Spanning the final years of Ted Bundy’s life, “No Man of God” weaves an artful, uneasy picture of the bond that formed between the killer and the man who hoped to simply understand his mindset. The opening credits bill “No Man of God” as “inspired by FBI transcripts, recordings, and the recollections of Bill Hagmaier,” hinting at a film rooted in both fact and emotion, and Sealey seems intent on bridging that gap, even if it means occasionally pulling away from the powerhouse performances at its core.
Young, chipper Bill is new to the profiling team, and when his boss opens up a fresh batch of potential subjects to interrogate after some early successes elsewhere, the pious young husband and father goes for Bundy. No one else wants him — “he hates the feds,” Bill is told repeatedly — but Bill didn’t get into this line of work because it was easy. Even early on, Ted is pulling the strings: he won’t talk to Bill until he writes him a letter. Bill can’t help but laugh at his start: “Dear Mr. Bundy.” Grace moments like that punctuate Wood’s performance as a gentle, industrious man with his own demons. Tell a guy like Bill Hagmaier that “normal people kill people,” and you’re doing some serious damage. Ted will do some serious damage.
Kirby plays his Ted Bundy with a creepy calm that easily moves between soothing and wholly unnerving. Bill eventually passes whatever tests Ted has set in his letters, and the killer acquiesces to meet in the Florida prison where he is spending what will be his last days on Earth. Over the course of a few years, the pair, well, they sort of bond, and that’s just as uncomfortable for them as it is for the audience. It would make for a stellar stage play, really, and in the moments when it’s just Bill and Ted facing off in a chilly prison interrogation room, it almost feels that way. Both Wood and Kirby are excellent, with the former providing emotional dimension to a less flashy character and the latter making (again, an oft-dramatized) part very much his own.

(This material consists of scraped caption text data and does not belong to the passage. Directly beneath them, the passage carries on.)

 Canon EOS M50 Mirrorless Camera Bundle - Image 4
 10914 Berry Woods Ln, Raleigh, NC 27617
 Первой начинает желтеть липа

But Sealey has bigger aspirations, and many of them work. Her filmmaking is stylish and informative even in the film’s opening moments, as it tracks between archival footage of the world in which the film is set (happy people strolling streets, commercials, glossy stuff) and an understandably tense Bill getting ready for work, eventually set to Ted’s own recorded words. The archival footage will reoccur, mostly to diminishing returns, and the film loses much of its propulsion when it strays from the Bill and Ted show. Sealey’s more restrained choices prove to be most effective, like her resistance to showing Bill’s family, or how she steadily turns the attention from a blathering Ted to a shocked bystander during a key interview.

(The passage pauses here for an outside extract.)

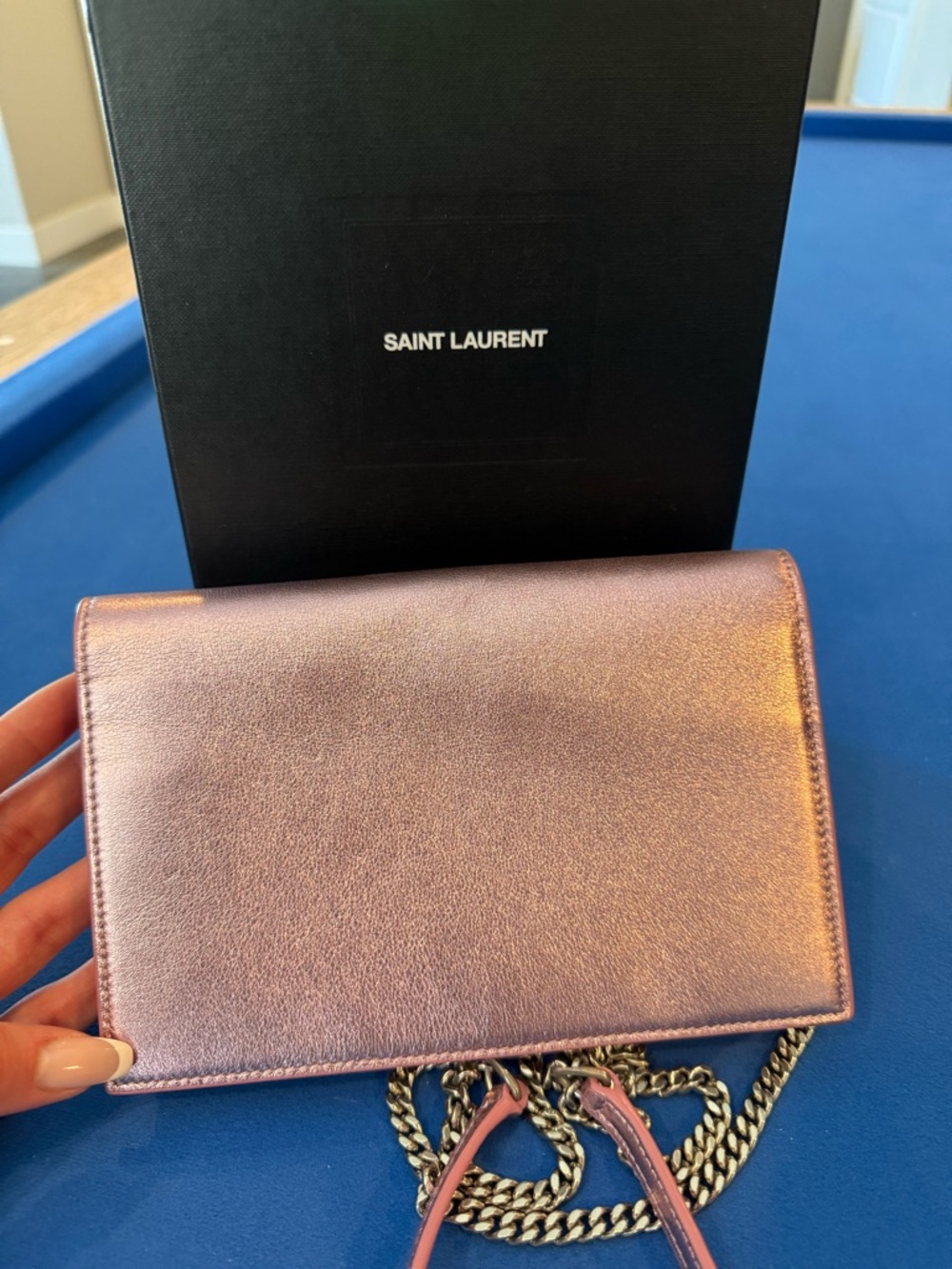 Saint Laurent Metallic Rose Gold Envelope Chain Wallet - Picture 3 of 8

A fussy final act, which finds an unnerved Ted attempting to stave off his execution as Bill is drawn further into his web (alongside Aleksa Palladino as Bundy’s lawyer Carolyn Lieberman, a small role the actress makes her own), feels scattered in a way the rest of the film does not. That frenetic energy speaks to the truth of the time, but it feels pulled from a different, less effective version of this story, one we’ve seen before. Still, by its fraught final moments, in which Ted finally bares all to a shellshocked Bill (Kirby has simply never been better than during this horrific final monologue), Sealey brings the attention back to where it belongs: on an electric duo, bonded by terrible, impenetrable truths that would make any “normal” person shudder.
“No Man of God” premiered in the Spotlight Narrative section of the 2021 Tribeca Film Festival. RLJE Films will release it in theaters this August.